The nanoparticles were produced using the chemical precipitation process. A 100-milliliter flask of dehydrated water with nitrogen gas, 4.5 g of FeCl₃.6H₂O and 2.78 g of FeCl₂.4H₂O is stirred constantly. This was achieved by adding ammonia solution (25 percent) and letting it sit until the solution became black. 30 minutes of stirring and heating to 80°C resulted in a precipitate that had developed. It was rinsed three times with ionized water, then twice with ethanol, after the precipitate produced during the heating process. The magnetic nanoparticles (Fe₃O₄) were finally isolated from the magnetic solution by using a magnet.

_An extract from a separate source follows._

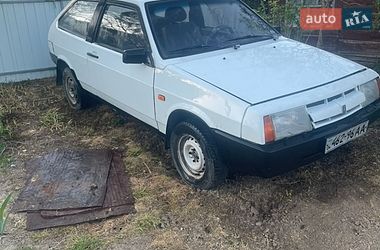 Хэтчбек ВАЗ 2108 1992 в Баре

2.3. Coated Iron Nanoparticles with Silica (Fe₃O₄@SIO₂)

Using the sol-gel process, silica was used to coat the nanoparticles. A solution comprising 150 mL ethanol, 2 mL water and 4 mM tetraethyl orthosilicate (TEOS) was added to the previous step’s nanoparticles after they had been washed and dried. After 30 minutes of stirring, it was cleaned five times with ethanol before being dried. Drying and powder production of coated nanoparticles were carried out in a laboratory setting at room temperature.

2.4. Characterization of the Fe₃O₄ and Fe₃O₄@SIO₂

The Fe₃O₄@SIO₂ and Fe₃O₄ morphological structures were examined using a LEO instrument, model 1455VP scanning electron microscopy (SEM). Experimenters employed Fourier-transform infrared spectroscopy to recognize the chemical groups contained in the Fe₃O₄ and Fe₃O₄@SIO₂ samples.

2.5. Batch Treatment Study

As part of each experiment, 10 milliliters of the CEX antibiotic solution were in contact with Fe₃O₄@SIO₂ for a predetermined time duration at a predetermined temperature and pH. After reactions, 0.5 cc of samples were taken and filtered through a 0.22-micron filter. UV-Vis $^{'}$ spectrophotometer was used to quantify the antibiotic residue in the solution, and Equation (1) was used to compute the elimination % of CEX [24]: $\begin{matrix} (1) & % R = \frac{(C_{0} - C_{f})}{C_{0}} 100, \end{matrix}$ where $C_{f}$ and $C_{0}$ are the final and initial concentrations in ppm, respectively.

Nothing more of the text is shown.